◆ **What is required**
Nothing but the lines below from the one that contains "上海嘉定区是否更名为嘉定新区,嘉定要改名字叫嘉定新区吗" through the one that contains "アイクス/トンネルパッカー 5〜5.5φ 20P" should be retyped, exactly and including both ends. Do not include pictures.

◆ **Supplied information**
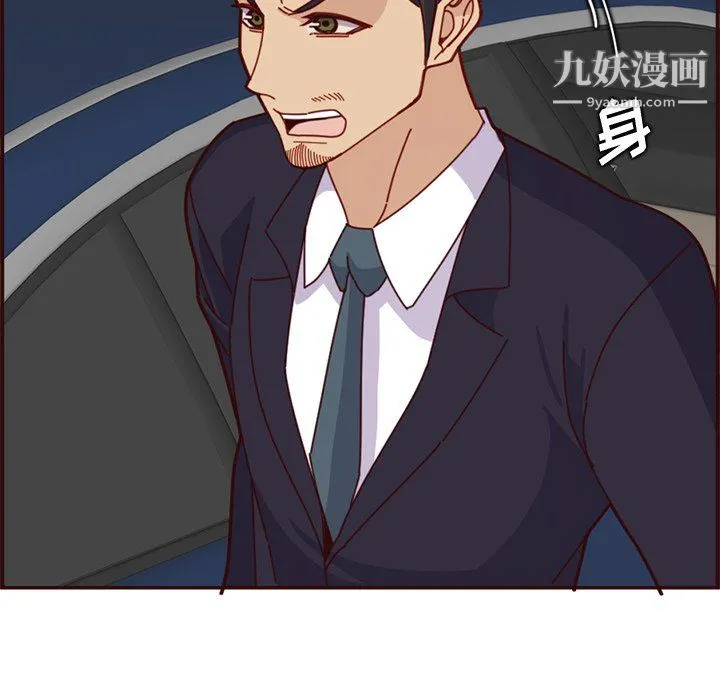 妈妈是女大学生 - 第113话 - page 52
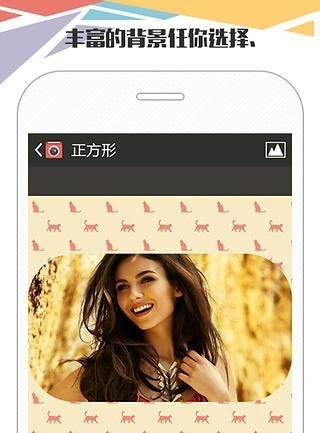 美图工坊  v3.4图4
* * *
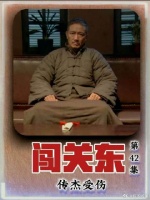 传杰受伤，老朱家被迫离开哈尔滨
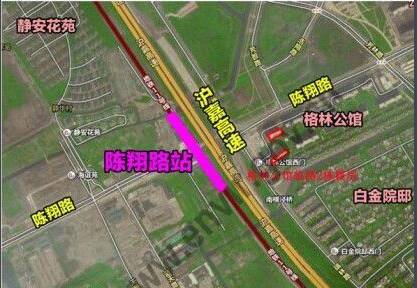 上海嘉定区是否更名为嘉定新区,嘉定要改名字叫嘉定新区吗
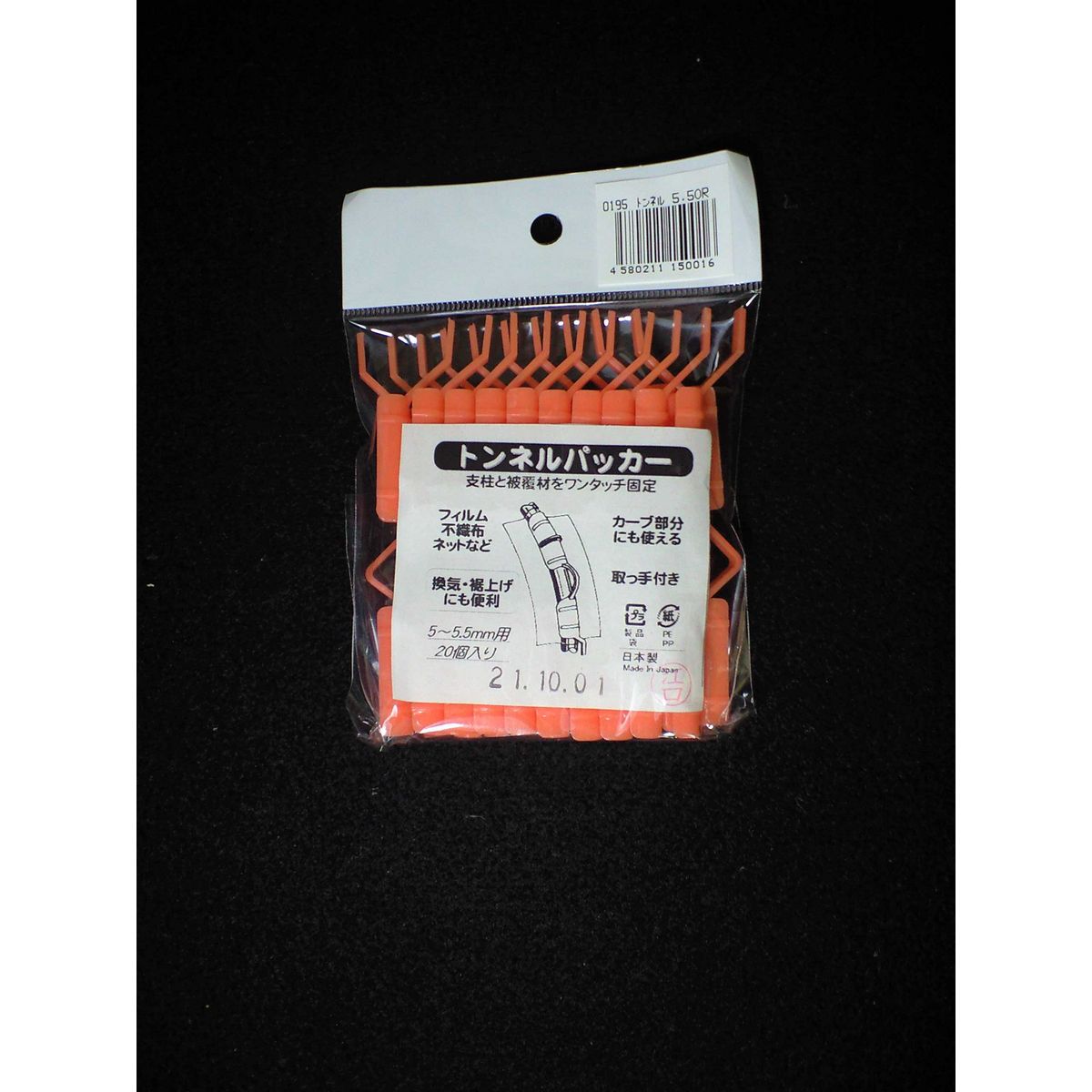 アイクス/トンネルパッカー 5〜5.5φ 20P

◆ **Task response**
 上海嘉定区是否更名为嘉定新区,嘉定要改名字叫嘉定新区吗
 アイクス/トンネルパッカー 5〜5.5φ 20P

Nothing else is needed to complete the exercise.